En 1994, el Presidente Clinton calificó a Irán como «un Estado malvado». Al año siguiente, declaró una situación de «emergencia nacional» que impuso sanciones comerciales y económicas globales contra Irán con la Orden Ejecutiva 12957, que comenzaba diciendo:
Yo, William J. Clinton, Presidente de Estados Unidos de América, entiendo que las acciones y políticas del gobierno de Irán constituyen una amenaza inusual y extraordinaria para la seguridad nacional, la política exterior y la economía de Estados Unidos, por lo que declaro el estado de emergencia nacional para hacer frente a la amenaza.

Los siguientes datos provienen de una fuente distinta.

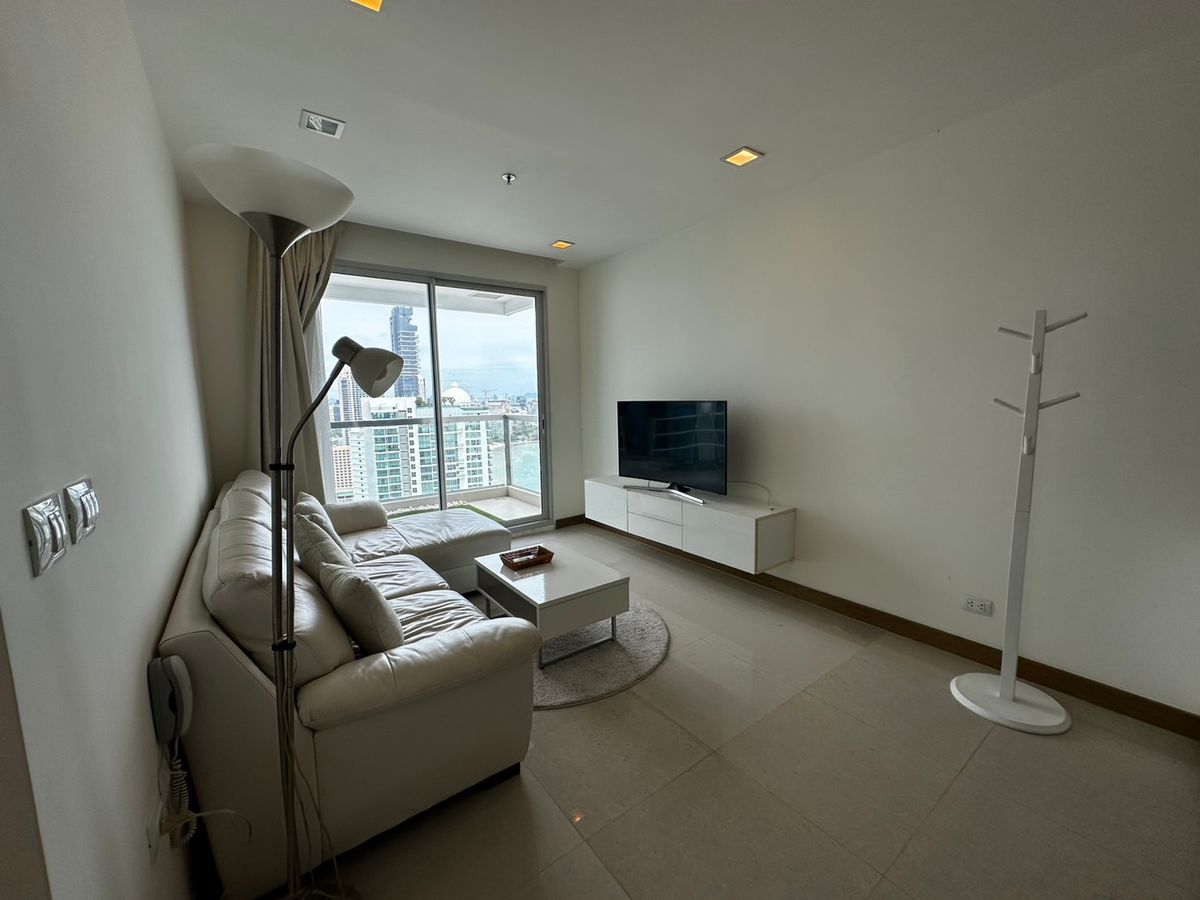 ให้เช่าคอนโดพัทยา บางแสน ชลบุรี สัตหีบ : ให้เช่าคอนโด The Palm Wongamat Beach Front พัทยา 2 ห้องนอน 2 ห้องน้ำ ชั้นสูง (S03-2077)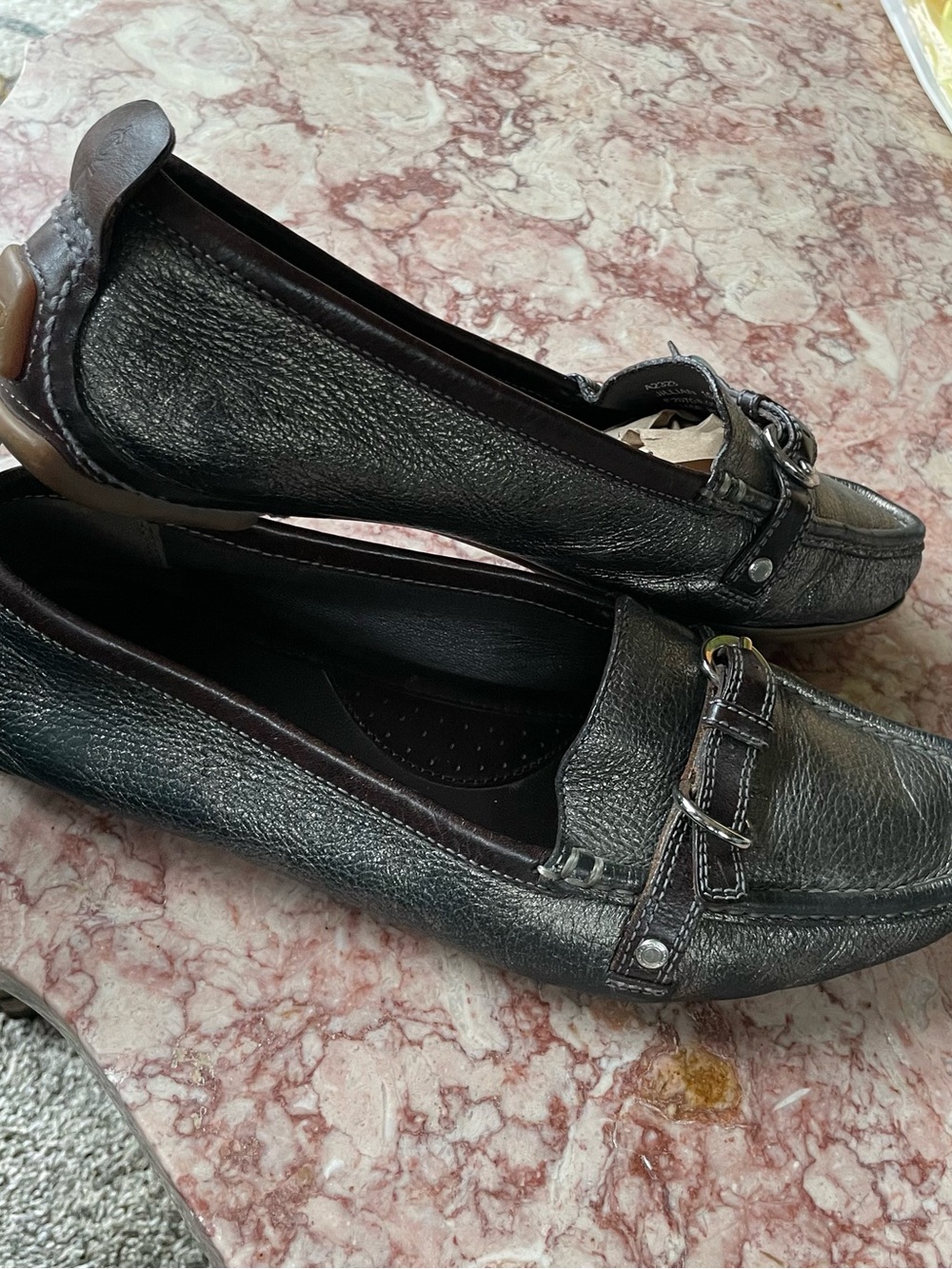 Sz 10 Coach Metallic Greenish Bronze With Brown Trim Leather Women's Loafers - Picture 2 of 12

En el año 2008, Seymour Hersh, un destacado periodista de investigación, advirtió de una guerra secreta contra Irán aduciendo que «el objetivo último del Presidente Bush en la confrontación nuclear con Irán es propiciar un cambio de régimen». Los últimos llamamientos a la guerra contra Irán empezaron a sonar más alto cuando una autoridad iraní de nivel intermedio renovó hace poco la sempiterna amenaza iraní de bloquear el Estrecho de Ormuz. Un analista muy bien informado del Centro de Estudios Estratégicos e Internacionales, Anthony Cordesman, concluyó que, en el mejor de los casos, Irán podría bloquear el estrecho durante «entre unos días y dos semanas». Según sostenía Cordesman, Irán lo haría sabiendo que con ello sacrificaría todos sus efectivos militares en el golfo, «sufriría represalias masivas y perdería potencialmente muchas de sus instalaciones petrolíferas e ingresos por exportaciones». Después de todo, el cierre del estrecho devastaría la economía de Irán, ya maltrecha. Pero hablar de guerra difumina el impacto de este tipo de valoraciones lógicas y bien informadas.
La semana pasada, el portaviones estadounidense llamado Abraham Lincoln se reincorporó a la V Flota del Golfo Pérsico. Su presencia garantiza que el Estrecho de Ormuz siga abierto y recuerda al gobierno iraní que se puede llevar a cabo un ataque devastador con misiles Tomahawk. Durante la Guerra de Iraq, el Abraham Lincoln realizó 16.500 misiones en Iraq y Afganistán. La maniobra fortalece el puño de los halcones que abogan por una presencia militar estadounidense fuerte en el Golfo, incluso después de que Estados Unidos se haya retirado de Iraq. El discurso de la guerra sirve de poderoso contrapunto para quienes, como Toby Craig Jones, defienden persuasivamente que la presencia de la V Flota contamina las opciones diplomáticas estadounidenses en Bahrein y otros lugares.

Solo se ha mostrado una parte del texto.